(Caption-style text data)
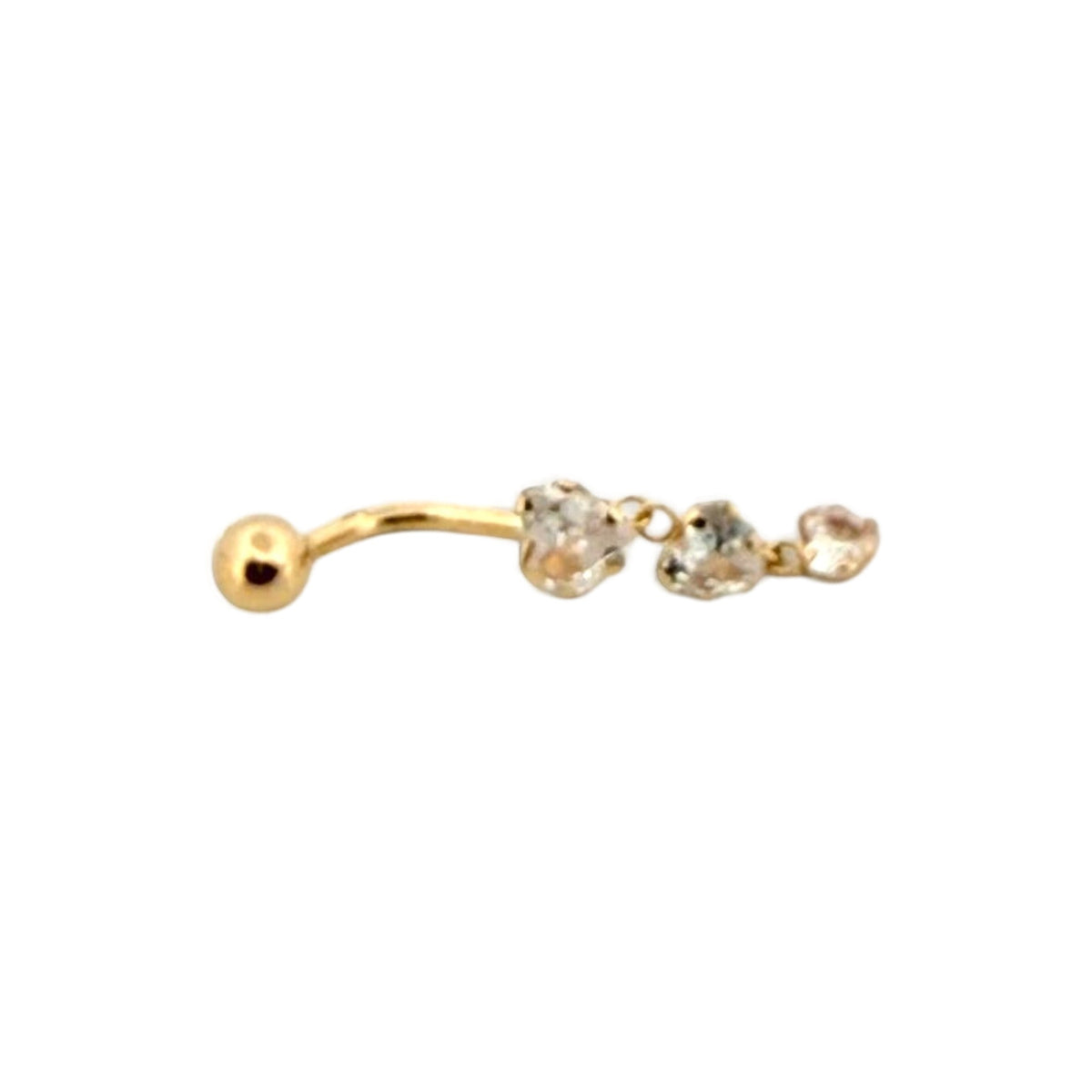 Crystal Cascade Belly Piercing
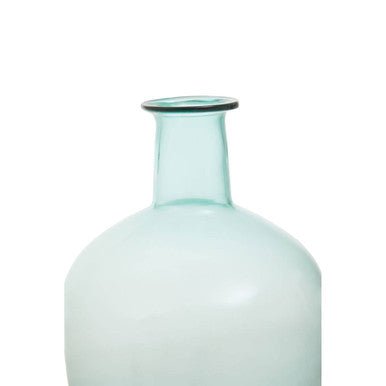 Bexley Blue Small Bottle Neck Recycled Glass Vase - Bargainia.com - 5018705943244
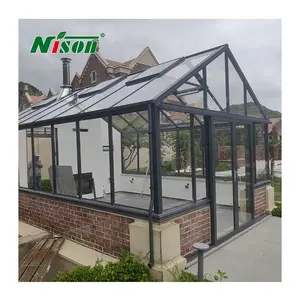 Professional Design Size Winter Garden Free Standing Sunroom Glass Houses For Villa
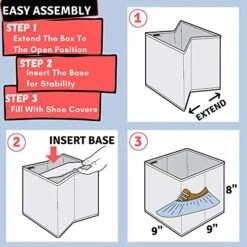 RE GOODS Shoe Covers Box | Disposable Shoe Bootie Holder For Realtor Listings And Open Houses | Please Cover Or Remove Shoes Bin | Shoe Bootie Box -Songmics Furniture Shop 510JXnrRcWL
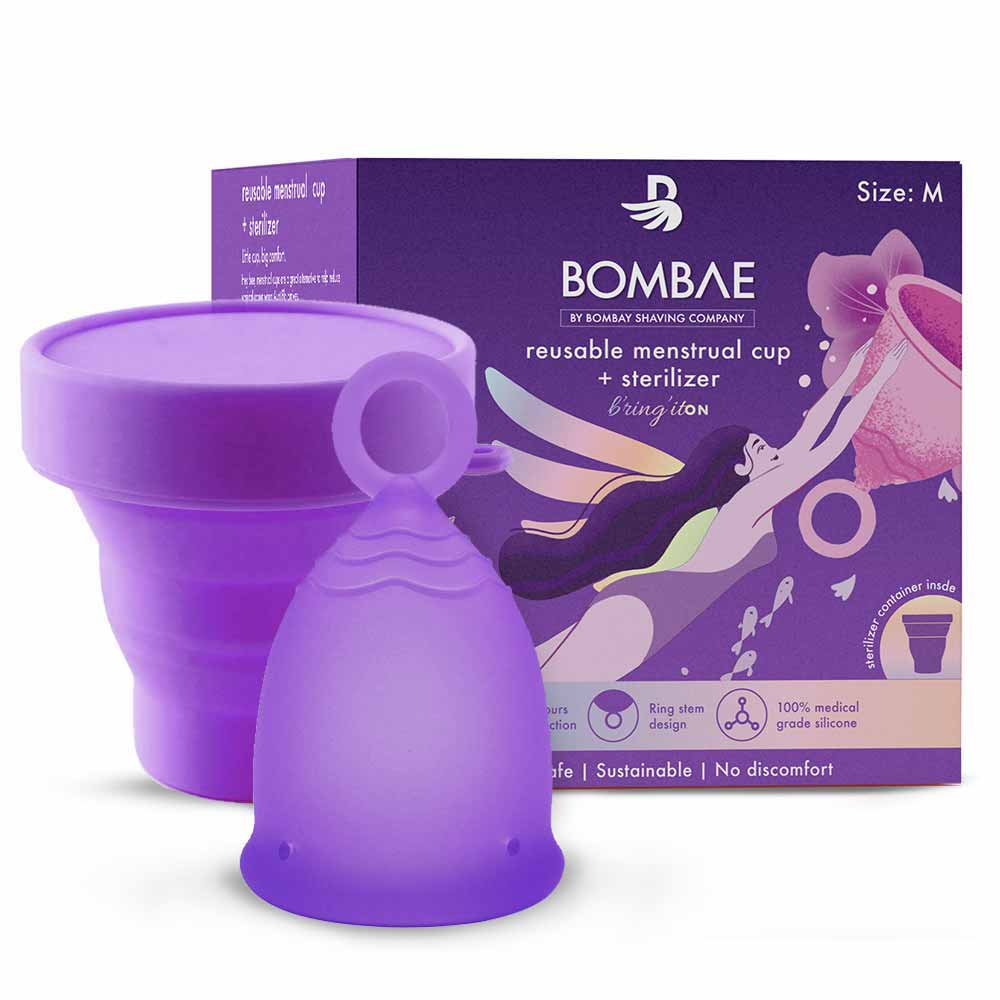 Reusable Menstrual Cup + Sterilizer Container I Bombae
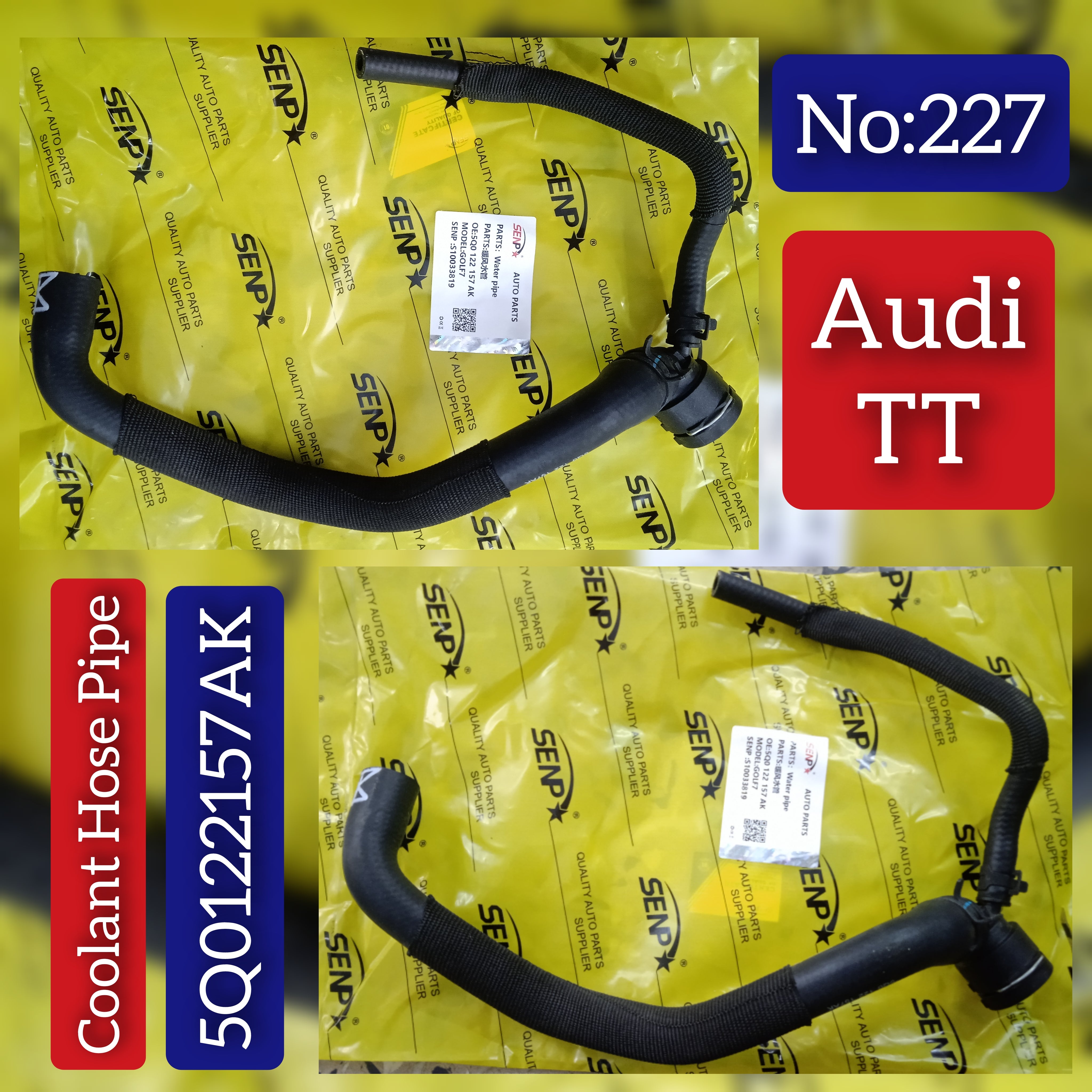 Coolant Hose Pipe 5Q0122157AK For AUDI TT Tag-H-227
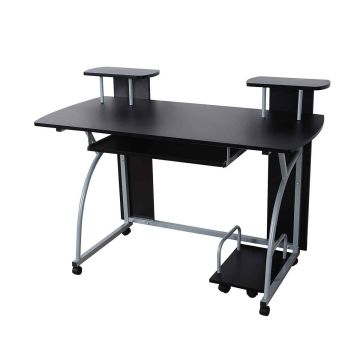 Modern desk on casters 120 x 59 x 90 cm., black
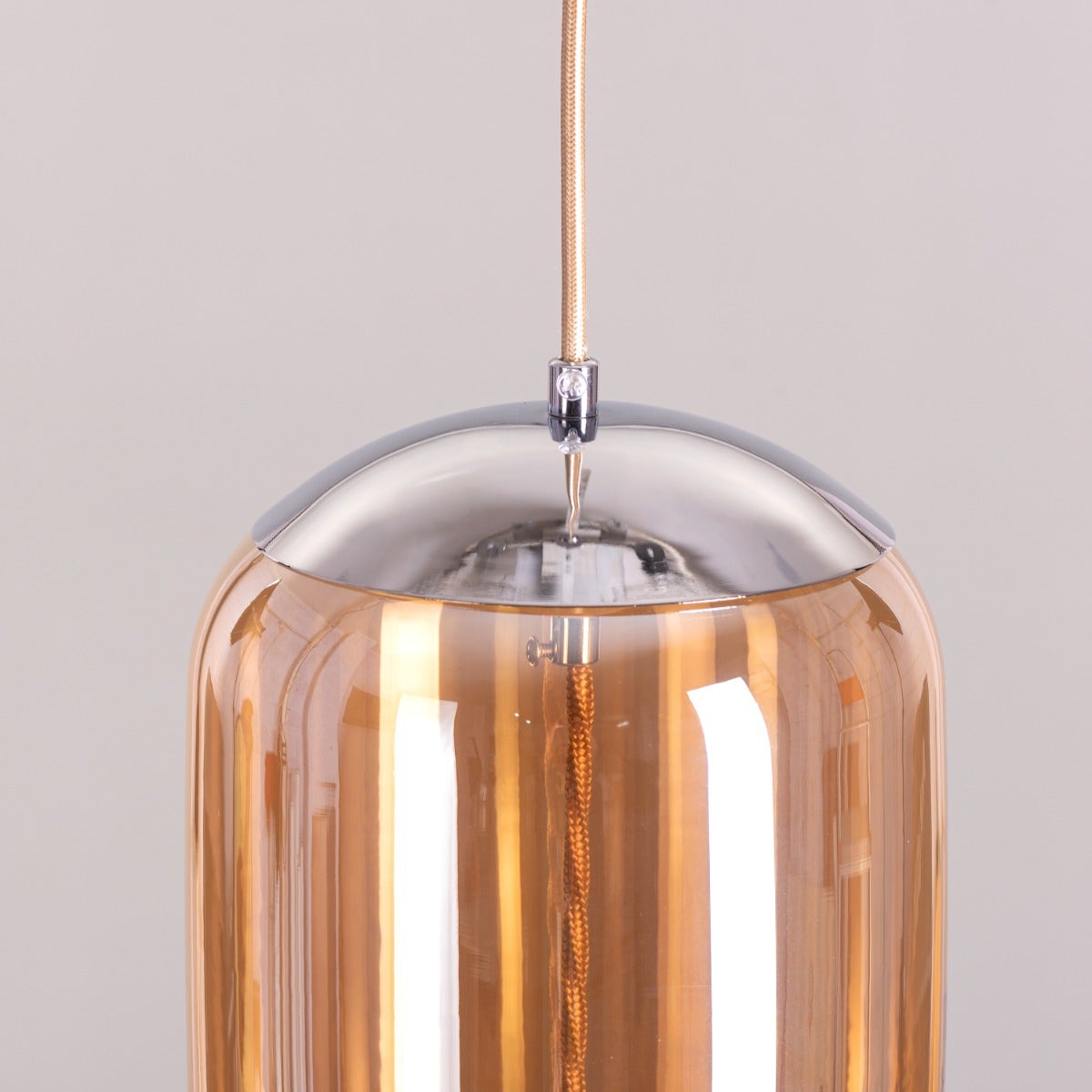 Trust Yourself (Amber, Built-In LED) Glass Pendant Light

**EXERCISE INSTRUCTIONS:**
The job here is to write out the records exactly, pictures excluded.

**EXPECTED OUTPUT:**
 Crystal Cascade Belly Piercing
 Bexley Blue Small Bottle Neck Recycled Glass Vase - Bargainia.com - 5018705943244
 Professional Design Size Winter Garden Free Standing Sunroom Glass Houses For Villa
 RE GOODS Shoe Covers Box | Disposable Shoe Bootie Holder For Realtor Listings And Open Houses | Please Cover Or Remove Shoes Bin | Shoe Bootie Box -Songmics Furniture Shop 510JXnrRcWL
 Reusable Menstrual Cup + Sterilizer Container I Bombae
 Coolant Hose Pipe 5Q0122157AK For AUDI TT Tag-H-227
 Modern desk on casters 120 x 59 x 90 cm., black
 Trust Yourself (Amber, Built-In LED) Glass Pendant Light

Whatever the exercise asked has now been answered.